Ash disease inspections at 36 Northern Ireland sites
Forest Service officials have visited 36 sites in Northern Ireland linked to the outbreak of ash dieback.
It was announced last week that Chalara ash dieback had been found locally and at present there are five confirmed outbreaks.
In a briefing from officials, the Stormont Agriculture and Rural Development Committee was told all the cases were linked to one source.
This is a Scottish nursery connected to a European supplier.
There are another 15 sites that have symptoms of the disease and officials are waiting for laboratory test results to confirm if dieback is present.
The first confirmed diagnosis in Northern Ireland happened after the person with the infected plant sent it to the authorities in Scotland, who informed the Department of Agriculture in Northern Ireland.
National Trust land at Runkerry on the north coast is one of the sites.
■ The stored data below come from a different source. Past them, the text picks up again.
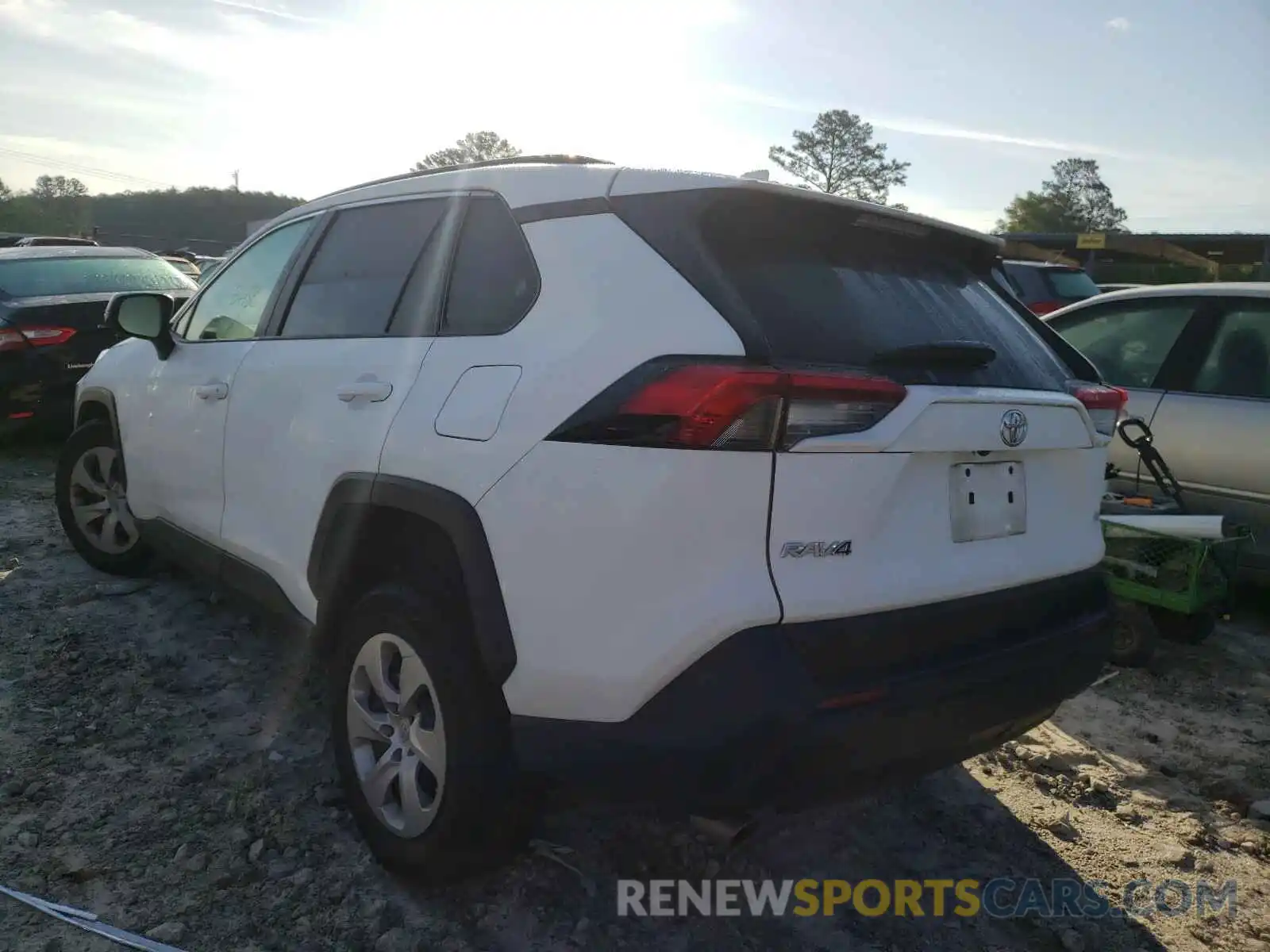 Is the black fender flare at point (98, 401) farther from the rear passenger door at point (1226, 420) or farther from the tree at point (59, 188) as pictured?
the tree at point (59, 188)

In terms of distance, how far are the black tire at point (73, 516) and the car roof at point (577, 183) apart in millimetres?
2484

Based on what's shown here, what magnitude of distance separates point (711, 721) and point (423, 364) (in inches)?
46.1

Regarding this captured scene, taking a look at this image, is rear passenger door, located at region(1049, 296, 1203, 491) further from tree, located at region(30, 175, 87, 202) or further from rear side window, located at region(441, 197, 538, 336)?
tree, located at region(30, 175, 87, 202)

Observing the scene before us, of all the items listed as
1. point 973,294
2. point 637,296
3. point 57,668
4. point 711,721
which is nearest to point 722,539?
point 711,721

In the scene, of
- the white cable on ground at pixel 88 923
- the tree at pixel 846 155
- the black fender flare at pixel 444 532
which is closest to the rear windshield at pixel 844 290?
the black fender flare at pixel 444 532

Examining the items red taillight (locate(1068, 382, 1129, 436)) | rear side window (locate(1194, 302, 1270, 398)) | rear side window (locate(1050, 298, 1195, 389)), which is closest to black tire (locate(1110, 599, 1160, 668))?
rear side window (locate(1194, 302, 1270, 398))

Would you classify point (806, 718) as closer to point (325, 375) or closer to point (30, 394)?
point (325, 375)

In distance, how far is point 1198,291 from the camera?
4.86 m

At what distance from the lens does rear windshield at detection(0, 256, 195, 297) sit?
23.1 feet

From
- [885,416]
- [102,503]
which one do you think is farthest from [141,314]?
[885,416]

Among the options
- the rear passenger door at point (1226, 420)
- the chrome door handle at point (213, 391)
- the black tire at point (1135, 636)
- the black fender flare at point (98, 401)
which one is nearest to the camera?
the chrome door handle at point (213, 391)

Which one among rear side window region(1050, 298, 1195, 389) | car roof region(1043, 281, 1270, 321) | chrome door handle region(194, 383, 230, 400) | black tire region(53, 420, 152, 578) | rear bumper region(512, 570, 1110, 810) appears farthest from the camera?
rear side window region(1050, 298, 1195, 389)

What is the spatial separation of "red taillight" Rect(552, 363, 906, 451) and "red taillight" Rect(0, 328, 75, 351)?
6413 millimetres

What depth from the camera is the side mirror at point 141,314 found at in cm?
365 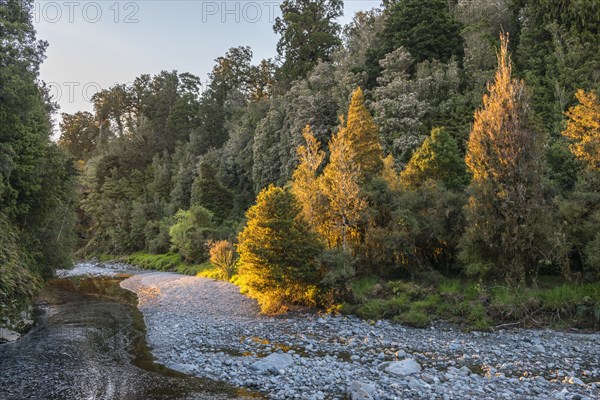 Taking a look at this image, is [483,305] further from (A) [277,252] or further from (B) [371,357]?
(A) [277,252]

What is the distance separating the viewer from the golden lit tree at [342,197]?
22500 mm

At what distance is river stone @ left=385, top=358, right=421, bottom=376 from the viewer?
10945 mm

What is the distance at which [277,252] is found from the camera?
19.2m

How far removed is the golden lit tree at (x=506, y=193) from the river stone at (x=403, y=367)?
28.0ft

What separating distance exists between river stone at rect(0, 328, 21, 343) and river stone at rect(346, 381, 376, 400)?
13.5m

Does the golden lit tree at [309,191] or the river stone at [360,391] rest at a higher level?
the golden lit tree at [309,191]

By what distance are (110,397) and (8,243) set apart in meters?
11.9

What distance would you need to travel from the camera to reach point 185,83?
85.2m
The Chalara ash dieback disease, caused by the fungus Chalara fraxinea, was found in imported ash saplings in counties Down and Antrim.
Symptoms can include brown leaves, lesions, fungi and dark wood.
Statutory notices have been served on the owners of the plantations requiring affected plants to be destroyed.
The disease has infected some 90% of the species in Denmark, and is threatening the UK's ash population. It has also been discovered in the Irish Republic.
The first confirmed case in the UK was recorded at a nursery in Buckinghamshire in March 2012.
A ban on ash imports and the movement of trees from areas with confirmed cases of dieback came into force on 29 October.
The Forestry Commission in Great Britain has issued guidance on how to identify the disease.